Bearish - Energy sector commodities can be volatile, and some investors may want to bet against them at times. The first "bearish" energy commodity ETF is Claymore MACROshares Oil Down tradable Trust (AMEX:DCR). It is designed to produce the inverse of the performance of WTI oil. This ETF is one-half of a pair of MACRO shares, a concept through which two ETFs are issued together but traded separately to track, respectively, the up and down movements in a commodity. (The other half of this pair is Claymore MACROshares Up tradable Trust (AMEX: UCR).
Final Points
While ETFs have made energy sector commodities more accessible to investors, it's important for investors to understand the mechanics of how individual ETFs work. Specifically, investors should realize that virtually all of these ETFs participate in futures contracts, and the "roll yield" of these contracts can be a major source of positive or negative return, depending on patterns of backwardation or contango. Multi-contract ETFs such as GSG and DBE can be a good way to add broad energy exposure across multiple contracts. But at times, some of these contracts may be in backwardation (producing positive roll yield) while others are in contango (producing negative roll yield).
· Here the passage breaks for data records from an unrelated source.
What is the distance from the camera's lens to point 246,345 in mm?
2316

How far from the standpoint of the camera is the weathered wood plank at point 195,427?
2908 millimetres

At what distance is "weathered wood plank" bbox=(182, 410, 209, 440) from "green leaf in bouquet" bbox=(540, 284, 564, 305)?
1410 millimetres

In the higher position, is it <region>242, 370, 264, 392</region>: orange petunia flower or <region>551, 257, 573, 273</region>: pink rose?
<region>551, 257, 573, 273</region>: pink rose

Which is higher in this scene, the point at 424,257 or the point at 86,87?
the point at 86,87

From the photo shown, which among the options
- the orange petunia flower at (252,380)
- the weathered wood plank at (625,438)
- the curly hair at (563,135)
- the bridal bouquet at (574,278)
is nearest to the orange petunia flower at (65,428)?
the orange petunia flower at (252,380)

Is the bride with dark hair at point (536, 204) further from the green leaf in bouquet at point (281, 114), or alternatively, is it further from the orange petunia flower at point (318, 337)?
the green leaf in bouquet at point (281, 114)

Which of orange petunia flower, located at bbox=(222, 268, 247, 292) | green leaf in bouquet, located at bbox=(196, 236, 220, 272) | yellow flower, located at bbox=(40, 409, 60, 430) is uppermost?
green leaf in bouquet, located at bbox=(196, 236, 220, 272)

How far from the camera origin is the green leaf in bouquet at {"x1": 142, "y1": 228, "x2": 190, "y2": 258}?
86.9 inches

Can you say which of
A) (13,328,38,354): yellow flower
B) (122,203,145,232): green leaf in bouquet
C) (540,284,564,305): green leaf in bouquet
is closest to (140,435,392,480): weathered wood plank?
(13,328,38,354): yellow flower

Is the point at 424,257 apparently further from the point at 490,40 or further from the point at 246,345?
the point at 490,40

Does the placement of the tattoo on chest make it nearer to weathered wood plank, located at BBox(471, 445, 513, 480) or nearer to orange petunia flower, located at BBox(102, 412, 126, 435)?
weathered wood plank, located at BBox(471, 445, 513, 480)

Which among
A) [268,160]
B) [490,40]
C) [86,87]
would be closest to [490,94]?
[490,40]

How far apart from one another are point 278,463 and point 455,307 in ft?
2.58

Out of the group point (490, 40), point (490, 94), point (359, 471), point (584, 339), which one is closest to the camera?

For investors who own stock-heavy portfolios denominated in U.S. dollars and wish to increase diversification and inflation-hedge potential, some energy sector exposure may be advisable. However, it's a good idea to have a long-term horizon for such investments because they can be volatile over brief periods. Crude oil can be an especially valuable commodity for adding diversification because it has consistently produced negative correlations with U.S. stocks.